Inscrire dans la loi une telle obligation serait totalement irréalisable en pratique et impossible à contrôler. Ce serait suspendre une épée de Damoclès au-dessus de l’open data, notamment pour les collectivités locales, au moment de procéder à la publication des données.

Cela étant, je partage naturellement l’objectif visé, à savoir la protection des données personnelles. Il existe en effet des risques de réidentification, via l’utilisation du big data, de l’intelligence artificielle. C’est pourquoi il est essentiel de faire progresser les techniques d’anonymisation. Celles-ci sont très nombreuses, graduées, parfois complexes. Elles vont d’une simple occultation des nom, prénom et date de naissance, que l’on fait disparaître d’un document, à des méthodes statistiques très sophistiquées, qui utilisent la notion de « bruit statistique » ou des bases de données rendant moins réidentifiantes certaines variables.

L’action du Gouvernement va dans ce sens. Par exemple, je souhaite lancer un appel à projets dans le cadre du programme d’investissements d’avenir afin d’encourager la recherche et développement dans le secteur des technologies d’anonymisation. Cependant, l’amendement n° 216 rectifié va beaucoup trop loin, d’où l’avis favorable du Gouvernement sur les amendements visant à supprimer l’analyse de risques.

L’amendement n° 531 rectifié prévoit que la CNIL assiste les administrations pour réaliser l’analyse de risques.
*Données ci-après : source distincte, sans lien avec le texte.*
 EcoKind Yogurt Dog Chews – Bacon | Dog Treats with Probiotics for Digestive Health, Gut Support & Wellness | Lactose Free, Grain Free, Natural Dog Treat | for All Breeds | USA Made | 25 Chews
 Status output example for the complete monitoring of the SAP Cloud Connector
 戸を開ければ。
C’est faire peser une autre charge supplémentaire non seulement sur les administrations qui publient, mais de surcroît également sur la CNIL, qui n’est absolument pas demandeuse et n’aurait en réalité par les ressources nécessaires pour remplir cette tâche.

Quant aux amendements identiques n° 161 rectifié et 279 rectifié, le Gouvernement y est aussi défavorable. Il s’agit d’introduire une réserve relative au droit de propriété littéraire et artistique. Or la CADA a rappelé de nombreuses fois que la disposition concernée n’avait pas pour objet ni pour effet d’interdire la communication publique de ce type de documents. La CADA se borne à rappeler la proscription de l’utilisation collective qui pourrait être faite de documents incluant des droits de propriété littéraire et artistique, notamment l’interdiction de reproduire – je songe à la photocopie –, de diffuser et d’utiliser à des fins commerciales les documents concernés.
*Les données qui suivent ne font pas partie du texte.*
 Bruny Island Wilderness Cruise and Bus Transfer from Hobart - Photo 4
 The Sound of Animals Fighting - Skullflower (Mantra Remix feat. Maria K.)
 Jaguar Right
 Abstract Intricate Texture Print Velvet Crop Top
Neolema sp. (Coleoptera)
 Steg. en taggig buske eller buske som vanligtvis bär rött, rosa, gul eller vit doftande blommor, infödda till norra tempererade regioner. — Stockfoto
Par ailleurs, il existe des sanctions assorties en cas de non-respect des droits de propriété littéraire et artistique. À mes yeux, cet amendement est redondant. Je n’en vois donc pas l’intérêt ni l’utilité.

Pour autant, il explique aussi, et j’en viens à la position défendue par M. Frassa sur les données culturelles, l’absence de la mention expresse de données culturelles dans l’intérêt à publier. Dans la mesure où ce type de données est protégé par des droits spécifiques, cela ajouterait une complexité supplémentaire au moment d’analyser l’obligation de diffuser ou pas. Néanmoins, rien n’empêche les administrations de décider de publier ces données culturelles lorsque les droits de propriété littéraire et artistique sont bien protégés. Cela justifie l’absence de la mention expresse de données culturelles dans les données d’intérêt économique, social, sanitaire et environnemental.